6. Did the defense turn a corner last week? A little bit. But in the first 13 games, they were bad so does one game change that? Or was it just a bad game by the Saints' offense? What the D did well was stop the running game and they must do so again this week. The Rams will test the linebackers with pulling action and off-tackle runs with Steven Jackson. They will attack the middle, but they most definitely will test the outside 'backers. For the D to show they've turned a corner, they must again stop the run -- that's what they hang their hat on -- and create a couple more turnovers. It will be difficult to win again if they do neither, or even just one. It does help that Cornelius Griffin and Lemar Marshall and Shawn Springs appear healthier.
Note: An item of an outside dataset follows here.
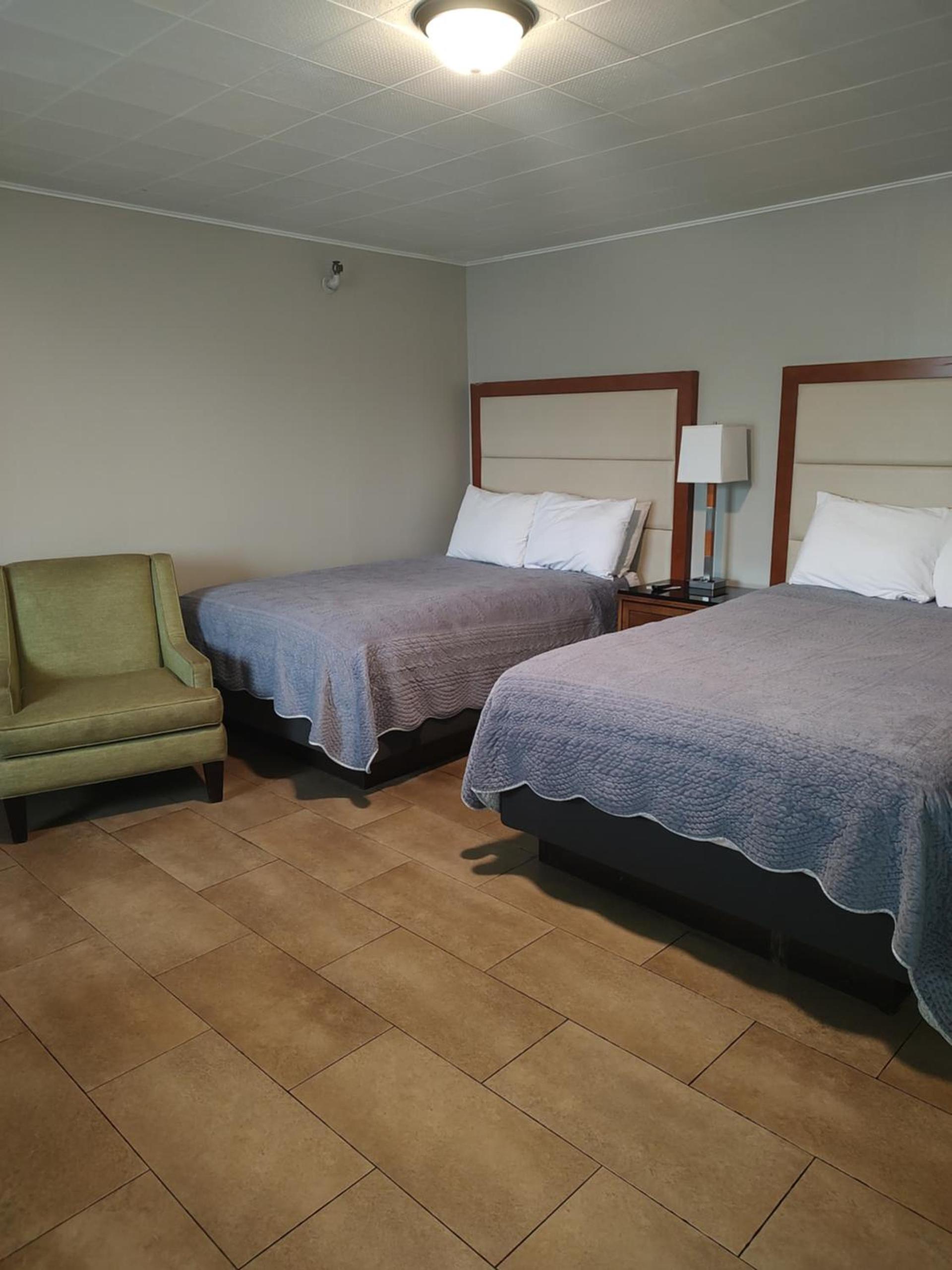 Vacationland Inn & Suites photo 5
Sean Taylor is also coming off one of his best games and he's played much better the past month or so.

7. Who provides the biggest worry for Washington's offense? Defensive end Leonard Little. He usually lines up on the left side, which means another good test for still-hobbled Jon Jansen. He's feeling better than he did a week ago, but that's really not saying a lot. It just means he doesn't have to walk with a constant limp. Little not only has 12 sacks, but he's also motivated by a perceived Pro Bowl snub. He's constantly double teamed yet still posts big numbers. Here, ends get double-teamed and use that as an excuse not to get big numbers. But that's another story. As for Little, he's multi-dimensional and can beat you with speed or power. The Redskins have done a better job using their tight ends in protection or having them, or the backs, chip the ends on their way out.
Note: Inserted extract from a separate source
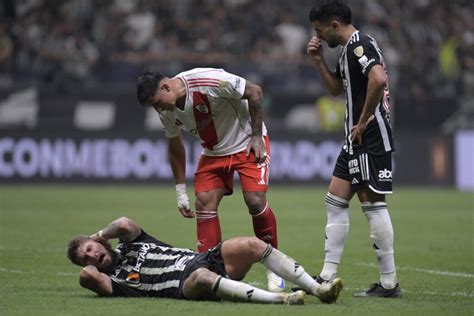 Versus Atención Olimpia Atlético Mineiro deja a River Plate al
8. Who's the biggest worry for the defense? There's a few of them: Jackson is a powerful runner and if he gets going, the Redskins are in trouble. But the passing game is dangerous, just as New Orleans' was. QB Marc Bulger makes good, fast decisions and he has two excellent receivers in Torry Holt and Isaac Bruce. The Redskins' corners must be very careful. Shawn Springs has been better in zone, or with safety help right over the to, this season. And Carlos Rogers still gets beat by double moves (though he has improved).
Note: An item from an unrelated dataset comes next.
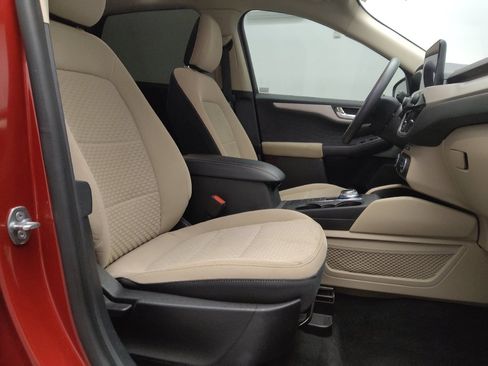 Used 2020 Ford Escape SE image 21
9. What other matchup can the Redskins exploit? The Redskins should have a slight edge against the Rams' corners because of their speed. Tye Hill is fast, but he's also only a rookie. They should have an edge against Fakhir Brown, too. Of course, we're assuming Brandon Lloyd won't lose another ball in the lights. Heck, maybe he'll even do what every other receiver in the league who starts has done: score a touchdown. But let's not get too excited. But the opportunity for big plays is available. And the Redskins have the right QB to make those plays. Campbell throws a beautiful deep ball, in terms of strength and trajectory. More important, unlike Mark Brunell, he will stand in the pocket with poise looking for those plays. The mindset is as crucial as anything. Campbell needs to learn to check down, but it beats having to teach an old QB (Brunell) how to be aggressive downfield.

10. Will the Redskins win? Well, the Rams stink. There's a reason they've lost seven of nine. The Redskins have re-established a mindset that I like. They're playing tough. I'm concerned about the defense this week, but the offense should be able to move the ball all day -- all frickin day. If Joe Gibbs quits being so cautious in the red zone and isn't afraid to try and win a game, rather than settle for field goals, then the Redskins should have a Merry Christmas. Redskins 24, Rams 21.